Texas has fallen so far, I'm looking to escape to Arkansas in the next couple years. 7 Generations in Texas over, blood of one of the original Texas Rangers, displaced by Yankees and Californians.

But we're all Americans and there ain't no distinctions by region and culture they say.
 
Joined
Sep 28, 2013
Location
Southwest Mississippi
Not everyone is California is bad, I'm thankful to know and call several my friends
Agreed !

Most people don't realize California is one of our major agricultural states . . . and Im not talking about avocados & vineyards.

I have two long time friends from the San Francisco Bay area.
They are two of the nicest people I've ever met. ( they're brothers).


Culturally, we have never understood each other.
We come from two separate planets.

:bounce:

But those guys are great !


 
Joined
Sep 28, 2013
Location
Southwest Mississippi
For example, is English as it spoken in the South today similar to what was spoken during the Civil War?
Very similar.

Some of the elderly (80 to 90 years olds) sound almost identical to the videos Rusk County posted.

While the "Southern drawl" will probably never completely disappear, it seems to be not as strong in the younger generations.
But that's an over simplified assessment on my part.

A lot of factors influence a modern Southern accent.
 

Cavalier

First Sergeant
Joined
Jul 20, 2019
Old time Baltimore people will tell you that different neighborhoods had different accents.
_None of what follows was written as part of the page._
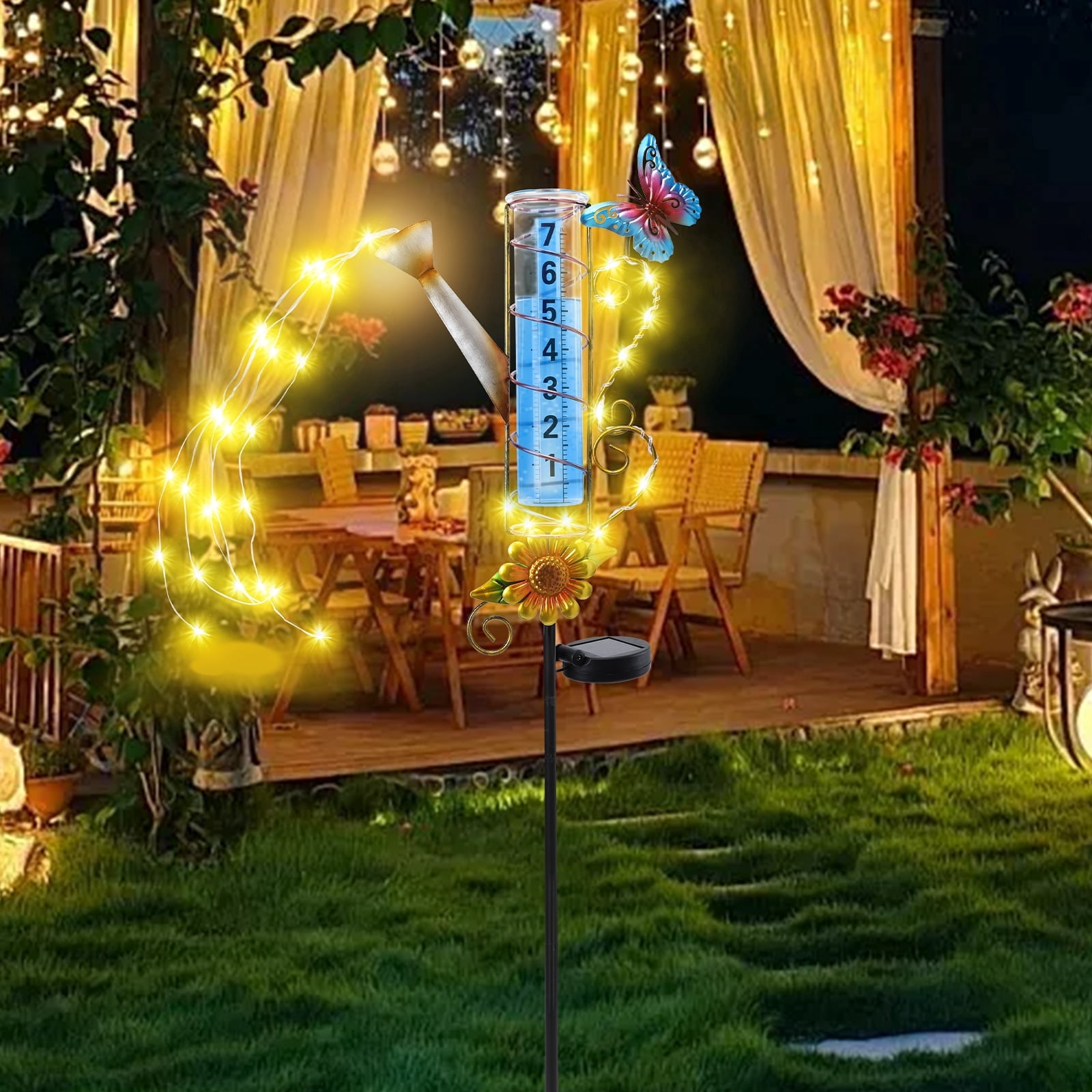 Outdoor Rain Gauge,Watering Can & Sunflower Solar Rain Gauge,LED String Lights, Metal Garden Stake for Patio, Lawn & Outdoor Decor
There was a little of that left when I first came here 50+ years ago. South Baltimore, Highlandtown, Hampden, Pig Town, all sounded a little different. Even in the 1980s there was the classic Baltimore Christmas Carol, "Take A Walk Down Dundalk".

I seldom hear them anymore, but after living here so long they are all music to my ears ........Hon.

John
 

rebelatsea

1st Lieutenant
Joined
Mar 30, 2013
Location
Kent ,England.
You are correct !

That is exactly how we sound to most people unfamiliar with our dialect.

For anyone interested, that translates into:
"I am about to visit my Mother and others that may be at her house"

"Mama 'nems" translates into:
( Mother and them)

" I'm fin" translates into :
(I'm fixing)

But I covered the Deep South verb "fixing" earlier.

:smile coffee:
The addition of "and them" is very interesting to me, as that is exactly what my maternal Grandmother and my mother said! Born and bred in Buckinghamshire , England.
 

lurid

First Sergeant
Joined
Jan 3, 2019
Watch out now !

:bounce:

"Fixing" is the most common verb down here.
(Actually pronounced ficks'n)

More importantly anything about our Mama is sacred !

But as you're married to a Southern girl, you knew that .


:smile coffee:

Thanks for the southern linguistics lesson, I know all about it but I'm too orthodox to even bring myself to even type that unorthodox jargon. I know that mama is sacred, her 15 phone calls everyday are a leading indicator that she is revered above what is normal :smile:.

Real down home Southerners do not talk like that!!!
They would say: "I'm fin' to go to Mama 'nems."

And they use three exclamation marks like they are a middle school kid writing a 100 word essay trying to meet the word count and simultaneously trying to convince people how strongly they really feel about a topic. Like I said, I tried to expunge all that hillbilly/honky-tonk from her accent, it must of have worked somewhat. Thank God.